As far as making the Town responsible for government functions, why not just design an interface where every Town has a RunGovernment() method that calls it's local government's run function, where you can define whether it's currently time to tax citizens and any other gov't-specific parameters. Then, when the gov't changes, the new one also has a run function that will handle things according to the new regime's standards. All the Town is saying is "okay, gov't, do your thing at your own pace".

Snippet:
 class Town{ public: Government current_govt; List<Citizen> citizens; public void RunGovernment(){ //gets called once per frame current_govt.run(); //has internal time checks to perform functions at its own rate } }; 

Perfect! That's what I was thinking I might end up doing, I just didn't know if it'd be better to house the Government at the top, so it would be able to call it's own functions when it wanted/needed. Thank you.

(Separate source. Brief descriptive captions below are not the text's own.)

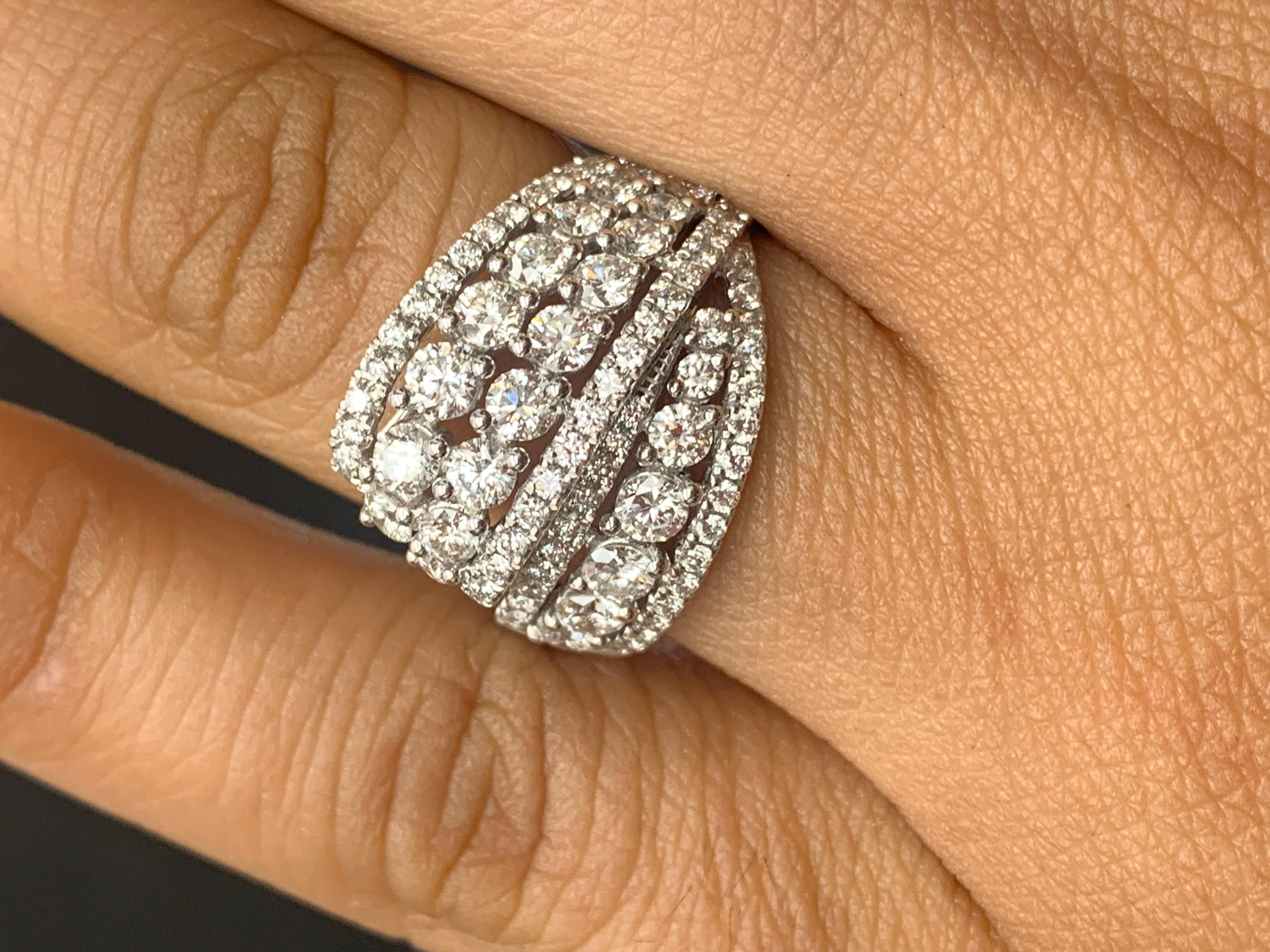 A beautiful and unique cocktail ring showcasing 94 brilliant round cut diamonds weighing 1.93 carats. Set in a cluster design setting. Made in 18k white gold 

Style available in different price ranges. Prices are based on diamond size and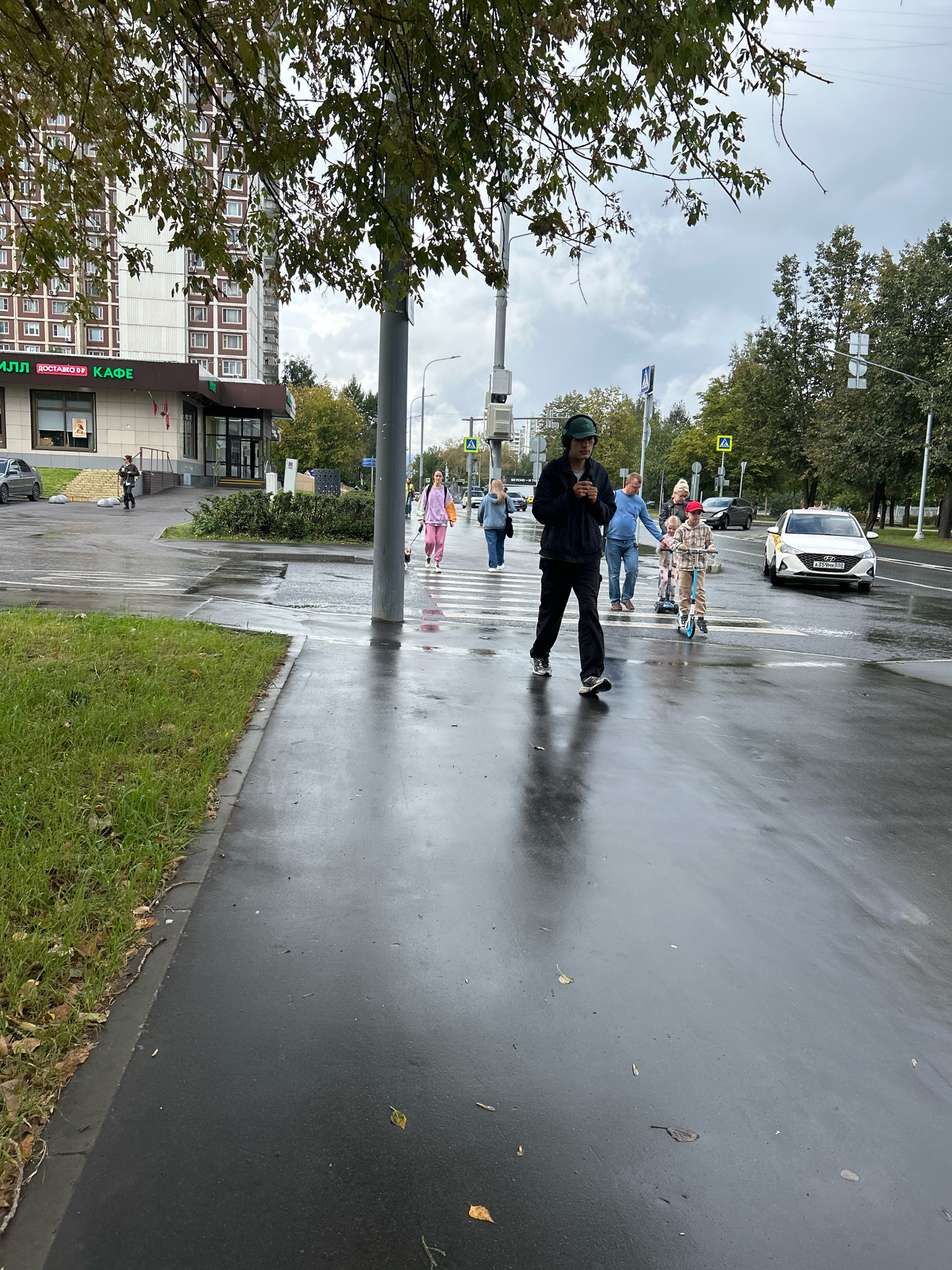 On a cloudy day in Moscow, Russia, people cross a wet street at a pedestrian crossing. The road reflects the overcast sky and surrounding environment. On the left, a sidewalk with green grass leads to a building with a cafe. On the right, trees line the street. In the foreground, a man in a dark jacket and pants walks across the street. Behind him, a woman with a dog on a leash crosses the street, followed by a family with two children on scooters. A white car, possibly a taxi, drives on the right side of the road. The image captures a typical urban scene in Moscow, with everyday activities taking place amidst the city's architecture and weather.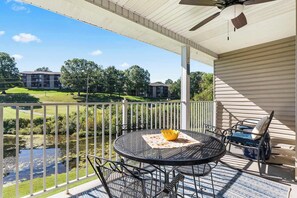 A covered outdoor area with a table and chairs, a view of a golf course, and a building in the background. - Vansen's Golfshores Inviting, Cozy Condo on Golf Course! (Branson)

Since the AI will be the hardest thing, I would start with a basic prototype of the game rules where the entire world's state can be duplicated and simulated. I would have a counter for each type of citizen so that the AI can simulate the game rules much faster when trying to predict the results of different actions. The game will not run fast enough to evolve an arbitrary neural net from scratch but you might be able to use the monte carlo method.

I've been looking into Neural Networking in general on account of your suggestion. I think it'll be really useful, once I wrap my head around it enough. Thanks for the tip.